In my weekly Fool column "Get Ready for the Fall," I run Nasdaq.com's 52-week highs list through the "wisdom of crowds" meter we call Motley Fool CAPS. The result: a list of stocks that have flown so high, investors are starting to get nervous about that whole "gravity" thing. But while many stocks will indeed plunge back to earth, some seem immune to gravity, steadily riding a rising megatrend to ever-greater heights.

Today, we'll move beyond stocks that have hit 52-week highs, and identify companies now surpassing five solid years of outperformance. Which of these will thrash the market averages for another half-decade? Here are this week's leading contenders:

Company

 

Recent Price

CAPS Rating
(out of 5)

Bull Factor

Canadian National Railway (NYSE: CNI)

$58.88

*****

98%

Express Scripts (Nasdaq: ESRX)

$100.73

***

92%

Lear Corp. (NYSE: LEA)

$77.74

**

88%

Gap

$23.22

**

54%

InterMune 

$40.78

*

64%

Companies are selected from the "New 5-Year Highs" list published on MSN Money on Friday. CAPS ratings from Motley Fool CAPS.

Hot stocks leave investors cold
Is the recession over? Warren Buffett says it is, and with the Dow still comfortably above the 10,000 mark, and the S&P posting sizable gains of its own these past three weeks, investors seem to be coming around to Buffett's way of thinking. Bullish sentiment is back, and the five stocks named above are all hitting five-year highs. The real question is whether they'll stay there.
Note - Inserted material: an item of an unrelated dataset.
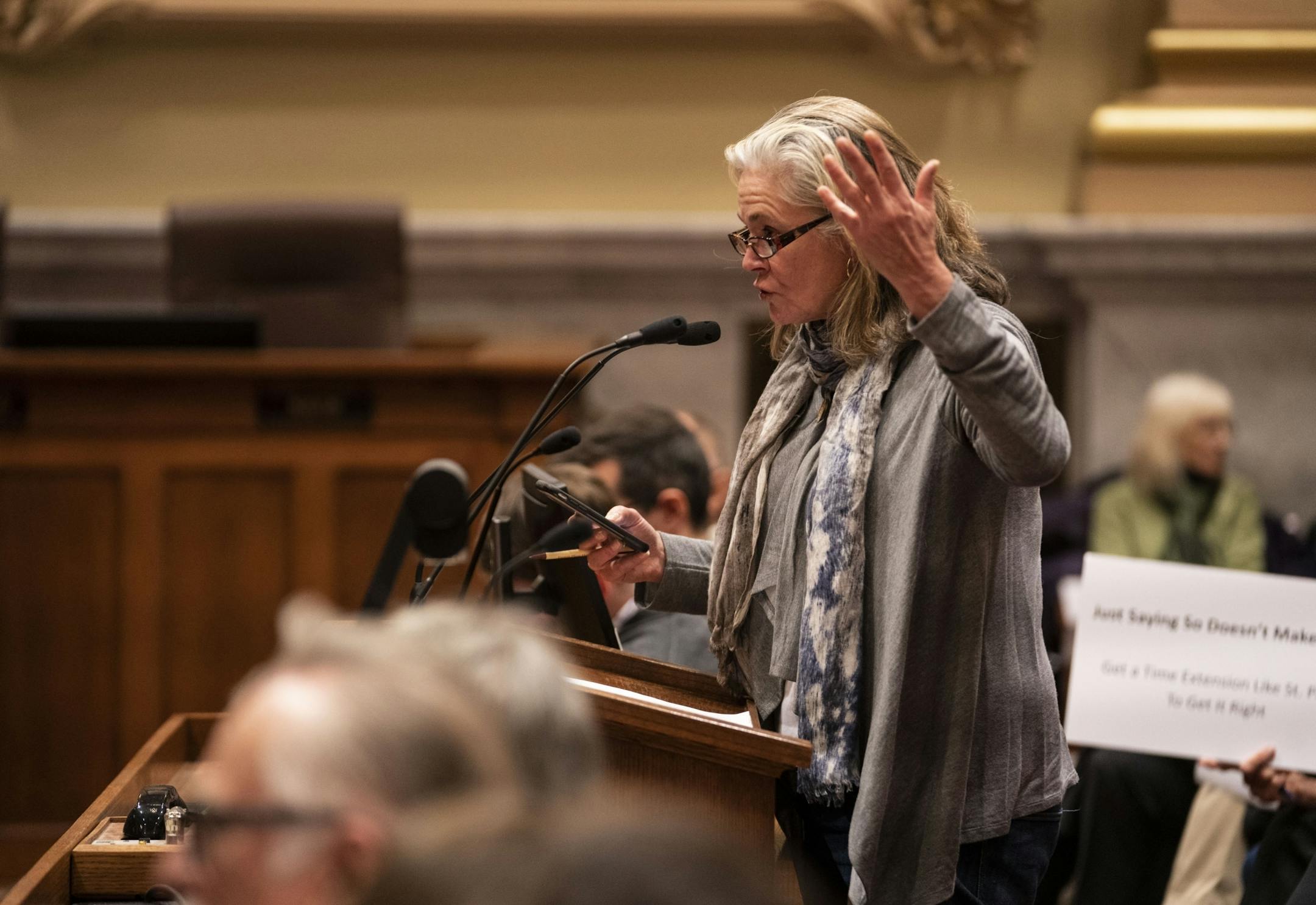Ellen Olmscheid spoke in opposition of the 2040 Comprehensive Plan, even calling out a council member for tweeting about the opponents insensitively the during a public hearing on the at City Hall in Minneapolis, Minn., on Wednesday, November 14, 2018.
Judging from the CAPS star ratings, investors appear to be rethinking their optimism about many of these stocks, but not about Canadian National Railway. Fools seem convinced that the bull thesis on this stock remains intact. Why?

The bull case for Canadian National Railway
CAPS member Manutius calls Canadian National the "best-run railroad in North America," transporting "resources (thermal coal, shale oil, potash) to China -- in bullishup trend long, intermediate, and short."

Which would seem to cover all the bases, and it's a popular viewpoint. NHWeston also thinks this rail baron occupies a no-lose position: "If Canada is commodities, then [Canadian National's] gonna be their shipper. If it's about grains, then it's goin' on [Canadian National]."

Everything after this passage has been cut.